December 29, 2009 at 6:32 am

So with the ssd’s, Would we now put everything on the same disk? Meaning data files, tempdb, and log files? I thought about this and I don’t see why you wouldn’t, unless of course of money/space issues.

Reply
1. Brent Ozar
  
  December 29, 2009 at 6:46 am
  
  Jason – it depends. As of this writing (12/2009), there’s cost/capacity issues with SSDs, and there’s also compatibility issues. Most server vendors still aren’t shipping all of their servers with solid state drives, and they’re not certifying many SSDs on their compatibility lists, so you can run into problems. If you put them directly into your server, then you can’t do clustering.
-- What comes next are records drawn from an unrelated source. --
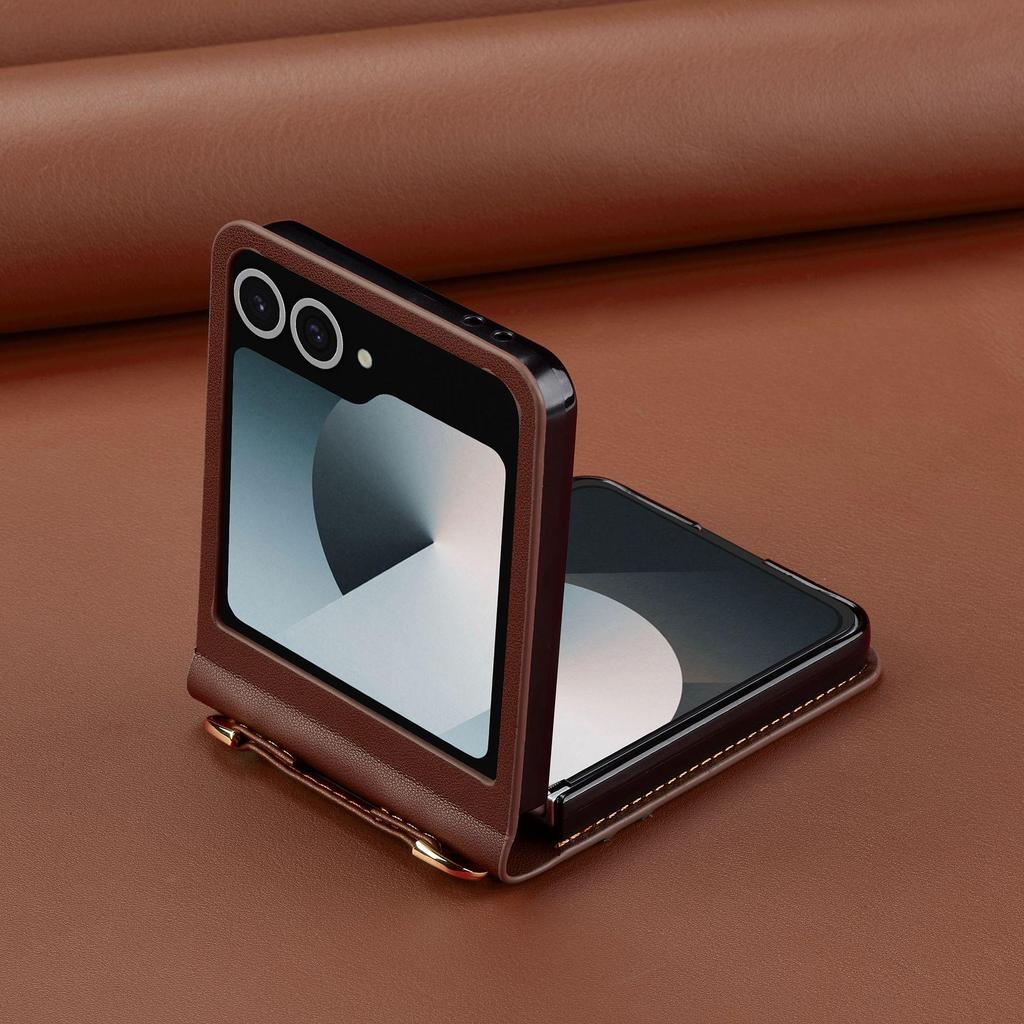 Samsung Galaxy Z Flip7 Leather Phone Case & Wallet (Compatible with Z Flip6/Flip4)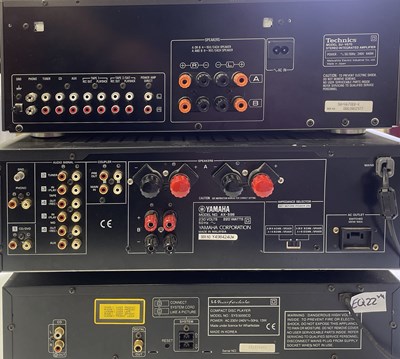 Lot 23 - HI-FI SEPARATES INC WHARFEDALE / TECHNICS / YAMAHA.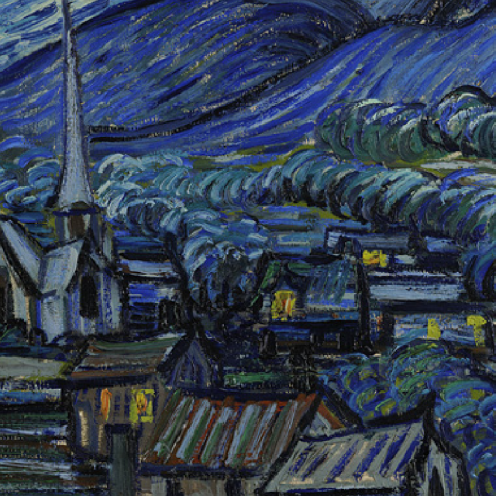 Vincent van Gogh The Starry Night, Saint Rémy, 1889, The Museum of Modern Art, New-York (detail)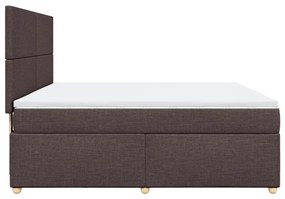 ΚΡΕΒΑΤΙ BOXSPRING ΜΕ ΣΤΡΩΜΑ ΣΚΟΥΡΟ ΚΑΦΕ 180X200 ΕΚ ΥΦΑΣΜΑΤΙΝΟ 3293655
If you put them into shared storage (like a SAN), then you have to be on the SAN’s compatibility list, and that’s rather difficult right now.
  
  Reply
  1. jason
    
    December 29, 2009 at 7:15 am
    
    I guess it was more of a theoretical question for now. “In the future” with ssd’s, is the best practice of separate drives going out the window?
    
    Reply
    1. Brent Ozar
      
      December 29, 2009 at 7:19 am
      
      Jason – for entry-level databases, like databases under 100gb, that practice is pretty much already out the window. For larger databases, though, it still makes sense, because you can need more throughput than even SSDs can deliver.
      
      Reply
      1. jason
        
        December 29, 2009 at 9:37 am
        
        Thanks Brent!
        
        I took a brisk walk with the dog this morning and thought about this a bit more and decided I still need redundancy, Raid levels (as you mentioned) are still relative, and I may want to partition off certain files. Also had the thought that bigger and better hardware is going to turn into bigger(resource intensive) and better applications. So for now I guess this is all exciting but still quite up and coming.